START Given records

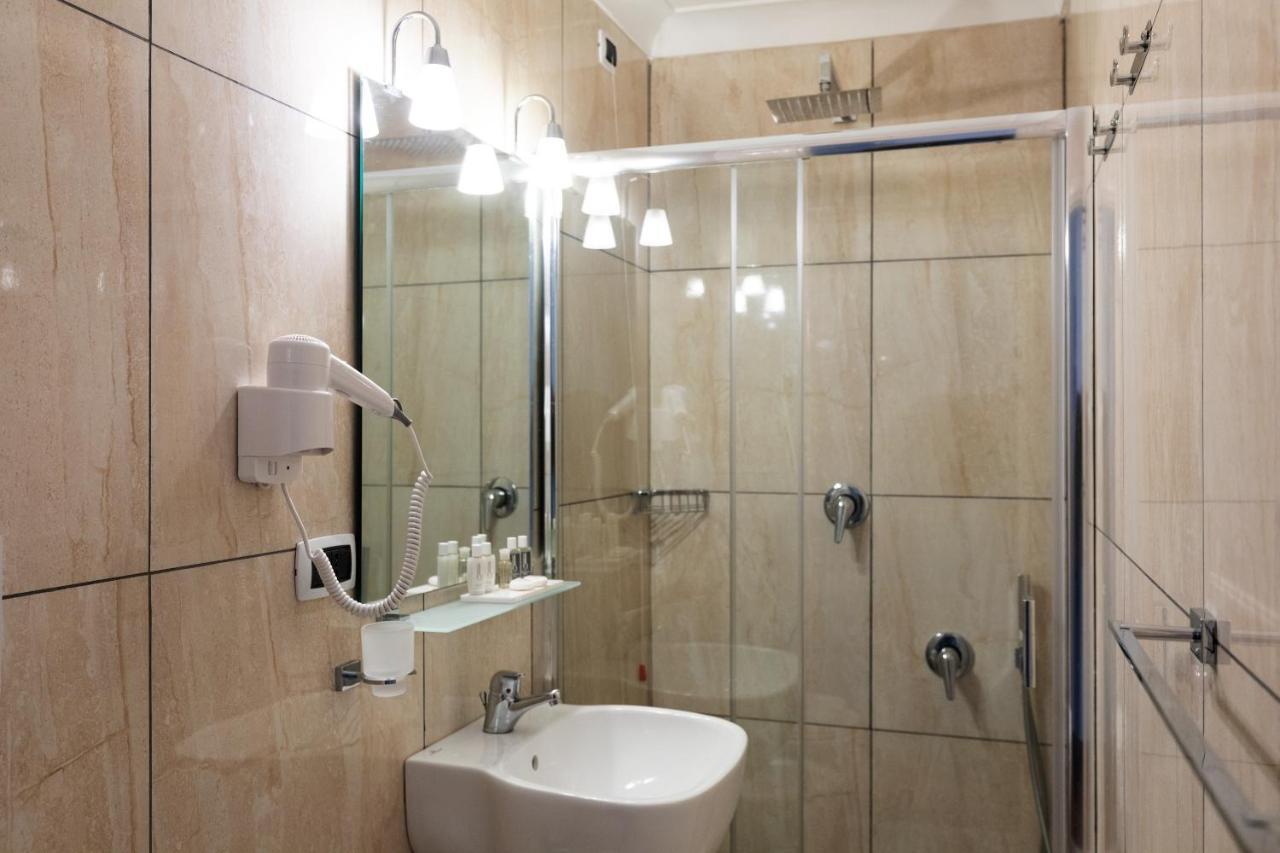 Rex Lifestyle Hotel Неаполь Экстерьер фото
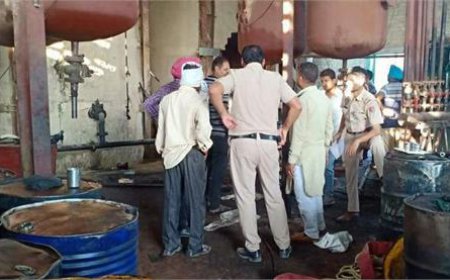 ਫੈਕਟਰੀ 'ਚ ਟੈਂਕ ਦੀ ਸਫਾਈ ਦੌਰਾਨ 3 ਕਰਮਚਾਰੀਆਂ ਦੀ ਮੌਤ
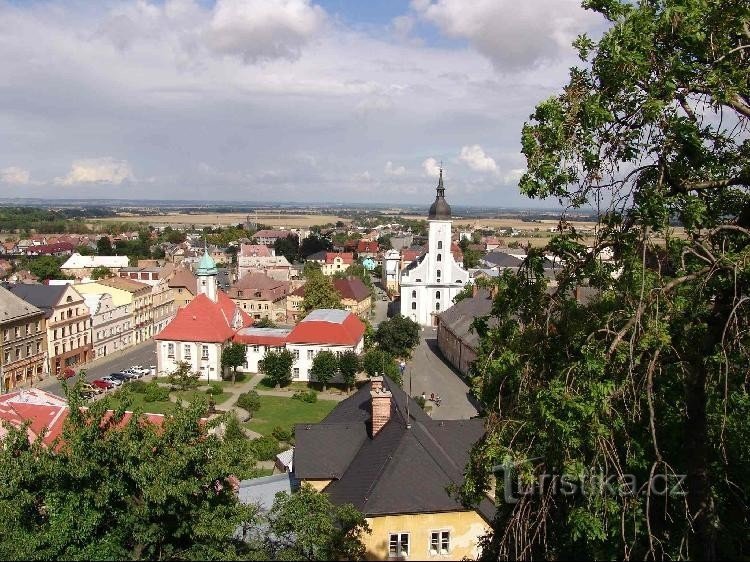 Javorník: Udsigt over pladsen, rådhuset og kirken fra terrassen på Jánsky Vrch-slottet, i pos.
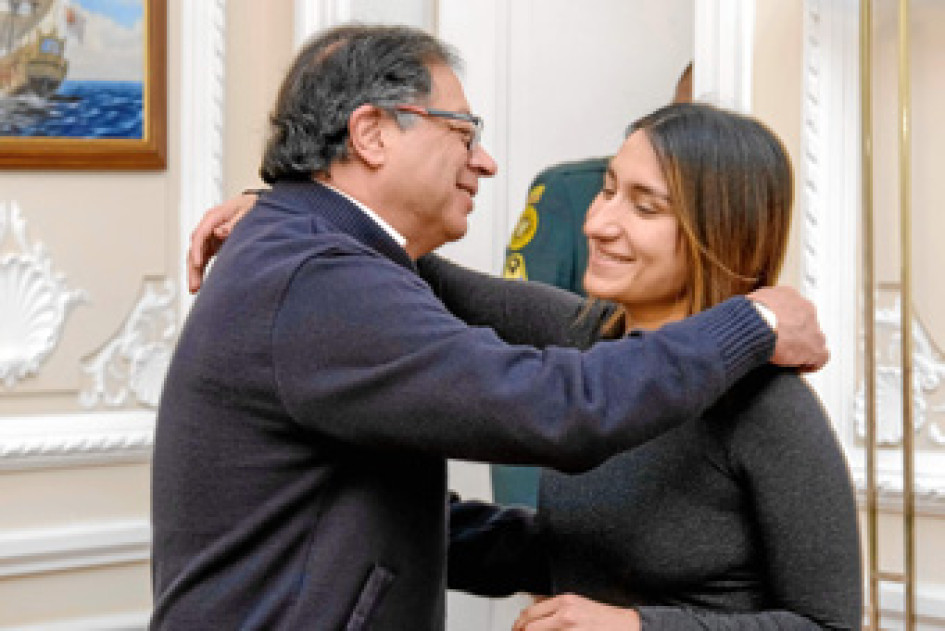 Gustavo Petro posesionó ayer a Laura Sarabia como nueva directora del DPS. Gustavo Petro posesionó ayer a Laura Sarabia como nueva directora del DPS.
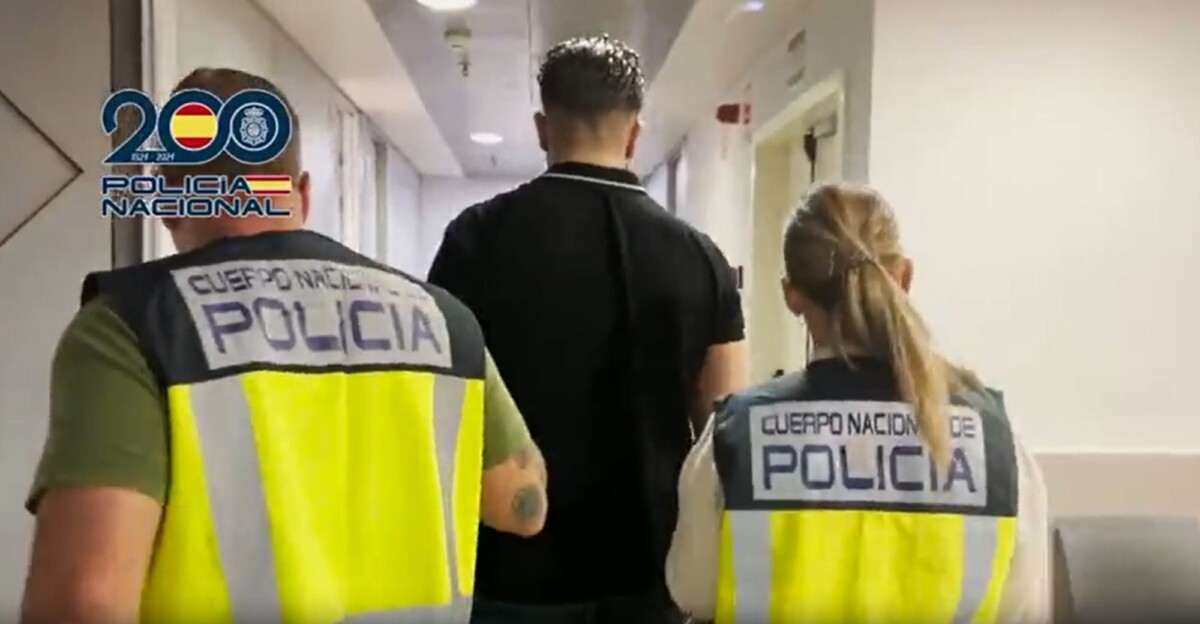 Uno de los cuatro detenidos es trasladado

END Given records

#### Exercise details
The expected result is every record above, word for word, with no pictures in it.

#### Finished exercise
 Rex Lifestyle Hotel Неаполь Экстерьер фото
 ਫੈਕਟਰੀ 'ਚ ਟੈਂਕ ਦੀ ਸਫਾਈ ਦੌਰਾਨ 3 ਕਰਮਚਾਰੀਆਂ ਦੀ ਮੌਤ
 Javorník: Udsigt over pladsen, rådhuset og kirken fra terrassen på Jánsky Vrch-slottet, i pos.
 Gustavo Petro posesionó ayer a Laura Sarabia como nueva directora del DPS. Gustavo Petro posesionó ayer a Laura Sarabia como nueva directora del DPS.
 Uno de los cuatro detenidos es trasladado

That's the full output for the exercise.